Optimization and mechanism of phosphorus removal in plant-biofilm oxidation ditches: Plant uptake, iron plaque adsorption, and rhizosphere regulation

Abstract

Poor phosphorus removal capacity has always been a Chinese wall to the development of oxidation ditch. Here, plant-biofilm oxidation ditch (PBOD) was proposed with different aeration conditions and plant types to investigate the parameter optimization of PBOD and internal mechanism of accelerated phosphorus removal. The results showed that the combination of aeration and plants was demonstrated as effective to enhance the PBOD capacity for sewage purification and phosphorus removal, since they can jointly promote the change of Fe2+ into Fe3+. Subsequently, part of Fe3+ and phosphate ions formed phosphate precipitation, and the other part of Fe3+ formed iron membrane on root surface, which can effectively adsorb phosphorus in sewage, so as to reduce the content of iron and phosphorus in sewage.

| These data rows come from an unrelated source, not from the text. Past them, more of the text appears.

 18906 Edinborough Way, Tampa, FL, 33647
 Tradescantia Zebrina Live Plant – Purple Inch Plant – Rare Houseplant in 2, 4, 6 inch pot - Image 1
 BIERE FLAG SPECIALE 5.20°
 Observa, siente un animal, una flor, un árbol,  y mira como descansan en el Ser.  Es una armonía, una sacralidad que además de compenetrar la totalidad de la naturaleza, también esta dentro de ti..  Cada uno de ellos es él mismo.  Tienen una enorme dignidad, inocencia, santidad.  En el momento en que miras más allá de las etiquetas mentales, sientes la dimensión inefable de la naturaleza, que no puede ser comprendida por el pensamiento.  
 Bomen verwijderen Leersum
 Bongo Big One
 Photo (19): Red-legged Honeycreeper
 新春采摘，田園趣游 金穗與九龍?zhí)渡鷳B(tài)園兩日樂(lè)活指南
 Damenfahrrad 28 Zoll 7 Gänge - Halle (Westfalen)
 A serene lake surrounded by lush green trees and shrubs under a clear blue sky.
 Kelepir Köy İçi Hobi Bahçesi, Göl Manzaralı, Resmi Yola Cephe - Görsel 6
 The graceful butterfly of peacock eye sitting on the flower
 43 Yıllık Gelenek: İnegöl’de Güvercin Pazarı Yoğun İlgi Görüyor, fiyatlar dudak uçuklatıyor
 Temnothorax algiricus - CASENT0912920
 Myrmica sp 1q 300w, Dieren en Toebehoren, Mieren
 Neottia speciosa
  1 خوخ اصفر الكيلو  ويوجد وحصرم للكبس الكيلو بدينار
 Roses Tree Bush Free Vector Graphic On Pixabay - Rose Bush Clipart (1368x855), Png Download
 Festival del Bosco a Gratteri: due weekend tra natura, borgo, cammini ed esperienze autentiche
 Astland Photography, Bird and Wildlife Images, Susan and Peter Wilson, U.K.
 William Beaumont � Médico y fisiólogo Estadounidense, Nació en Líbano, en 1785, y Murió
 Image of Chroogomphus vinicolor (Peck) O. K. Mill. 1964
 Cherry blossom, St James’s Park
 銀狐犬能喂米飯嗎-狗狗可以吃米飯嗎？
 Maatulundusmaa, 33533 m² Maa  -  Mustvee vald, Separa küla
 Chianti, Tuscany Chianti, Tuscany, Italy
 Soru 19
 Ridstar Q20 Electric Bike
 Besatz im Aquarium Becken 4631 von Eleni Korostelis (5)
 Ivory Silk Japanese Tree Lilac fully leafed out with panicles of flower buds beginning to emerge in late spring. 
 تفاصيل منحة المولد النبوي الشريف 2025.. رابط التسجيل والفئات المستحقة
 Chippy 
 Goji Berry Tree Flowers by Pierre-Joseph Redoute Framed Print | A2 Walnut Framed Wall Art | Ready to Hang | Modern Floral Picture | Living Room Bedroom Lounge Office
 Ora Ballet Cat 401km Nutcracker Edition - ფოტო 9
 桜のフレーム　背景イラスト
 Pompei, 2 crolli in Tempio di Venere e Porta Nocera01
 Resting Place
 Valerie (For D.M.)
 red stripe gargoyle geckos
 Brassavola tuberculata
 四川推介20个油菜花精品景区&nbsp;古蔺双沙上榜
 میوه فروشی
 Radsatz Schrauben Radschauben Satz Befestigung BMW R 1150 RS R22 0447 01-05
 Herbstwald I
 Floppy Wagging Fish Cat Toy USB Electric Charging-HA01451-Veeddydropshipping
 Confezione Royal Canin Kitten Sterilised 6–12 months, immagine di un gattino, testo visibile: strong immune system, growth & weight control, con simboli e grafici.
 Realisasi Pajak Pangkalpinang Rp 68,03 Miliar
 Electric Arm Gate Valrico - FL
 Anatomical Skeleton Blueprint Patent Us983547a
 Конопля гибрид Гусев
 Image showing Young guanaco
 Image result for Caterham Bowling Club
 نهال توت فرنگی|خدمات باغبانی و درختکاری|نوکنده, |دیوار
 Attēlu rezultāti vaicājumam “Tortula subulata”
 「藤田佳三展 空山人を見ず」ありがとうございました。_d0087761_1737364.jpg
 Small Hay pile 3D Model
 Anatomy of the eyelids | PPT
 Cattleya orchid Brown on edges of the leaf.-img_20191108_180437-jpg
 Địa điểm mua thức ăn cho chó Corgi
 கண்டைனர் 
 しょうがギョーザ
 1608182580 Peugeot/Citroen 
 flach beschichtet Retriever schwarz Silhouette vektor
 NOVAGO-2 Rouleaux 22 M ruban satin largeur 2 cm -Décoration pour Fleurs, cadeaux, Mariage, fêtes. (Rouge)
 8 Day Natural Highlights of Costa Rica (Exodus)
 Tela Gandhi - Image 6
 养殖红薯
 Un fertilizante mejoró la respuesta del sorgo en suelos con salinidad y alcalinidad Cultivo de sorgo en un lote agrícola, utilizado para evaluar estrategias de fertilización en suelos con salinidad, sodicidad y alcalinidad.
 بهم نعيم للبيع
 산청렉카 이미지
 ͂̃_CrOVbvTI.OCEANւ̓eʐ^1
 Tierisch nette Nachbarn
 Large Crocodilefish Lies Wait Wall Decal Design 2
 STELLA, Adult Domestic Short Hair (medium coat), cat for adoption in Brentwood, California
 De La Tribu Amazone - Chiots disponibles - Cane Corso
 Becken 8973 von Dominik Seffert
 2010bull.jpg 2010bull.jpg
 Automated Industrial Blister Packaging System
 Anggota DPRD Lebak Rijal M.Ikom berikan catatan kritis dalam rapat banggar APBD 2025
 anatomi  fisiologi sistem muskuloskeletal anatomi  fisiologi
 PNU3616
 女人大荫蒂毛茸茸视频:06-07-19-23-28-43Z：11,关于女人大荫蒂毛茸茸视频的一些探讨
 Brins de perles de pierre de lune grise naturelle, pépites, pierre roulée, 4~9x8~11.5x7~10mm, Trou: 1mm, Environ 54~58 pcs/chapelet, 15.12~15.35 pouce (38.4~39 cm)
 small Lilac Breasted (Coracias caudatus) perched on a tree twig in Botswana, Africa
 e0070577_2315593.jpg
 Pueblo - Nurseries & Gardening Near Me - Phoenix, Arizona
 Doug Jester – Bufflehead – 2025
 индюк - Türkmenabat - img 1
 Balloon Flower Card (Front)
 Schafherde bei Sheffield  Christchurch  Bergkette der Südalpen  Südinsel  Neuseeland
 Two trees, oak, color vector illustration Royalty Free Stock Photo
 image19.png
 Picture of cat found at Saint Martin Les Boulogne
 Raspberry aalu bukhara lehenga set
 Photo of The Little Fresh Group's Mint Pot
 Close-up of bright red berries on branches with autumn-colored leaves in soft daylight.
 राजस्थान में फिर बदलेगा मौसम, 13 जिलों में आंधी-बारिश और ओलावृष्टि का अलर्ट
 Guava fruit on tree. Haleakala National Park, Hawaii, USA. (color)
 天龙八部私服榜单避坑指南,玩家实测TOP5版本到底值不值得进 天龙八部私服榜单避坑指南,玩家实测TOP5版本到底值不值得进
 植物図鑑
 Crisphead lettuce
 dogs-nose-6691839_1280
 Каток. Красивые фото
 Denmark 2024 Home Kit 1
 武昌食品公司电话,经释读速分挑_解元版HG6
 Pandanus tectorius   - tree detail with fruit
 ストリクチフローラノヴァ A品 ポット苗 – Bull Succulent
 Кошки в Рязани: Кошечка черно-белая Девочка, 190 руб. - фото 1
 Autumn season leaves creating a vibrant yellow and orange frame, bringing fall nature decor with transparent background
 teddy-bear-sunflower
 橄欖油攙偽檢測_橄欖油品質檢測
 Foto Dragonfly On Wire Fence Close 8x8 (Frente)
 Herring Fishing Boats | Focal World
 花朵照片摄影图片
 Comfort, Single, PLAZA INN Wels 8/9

Plant species did not play an important role in the removal effect of phosphorus but in the removal pathway: Canna generalis absorbed more phosphorus in the plant tissue than Zizania caduciflora, whereas Zizania caduciflora adsorbed more phosphorus on the root surface than Canna generalis. This is due to (a) Canna generalis roots released more organic acids, which may promote the conversion of insoluble inorganic phosphorus into soluble phosphate ions for plant uptake, and may reduce the amount of iron plaque on the root surface by generating organic acid chelated iron; (b) Zizania caduciflora has strong root oxygen secretion capacity and is easier to form iron plaque on the root surface, so it attaches more phosphorus.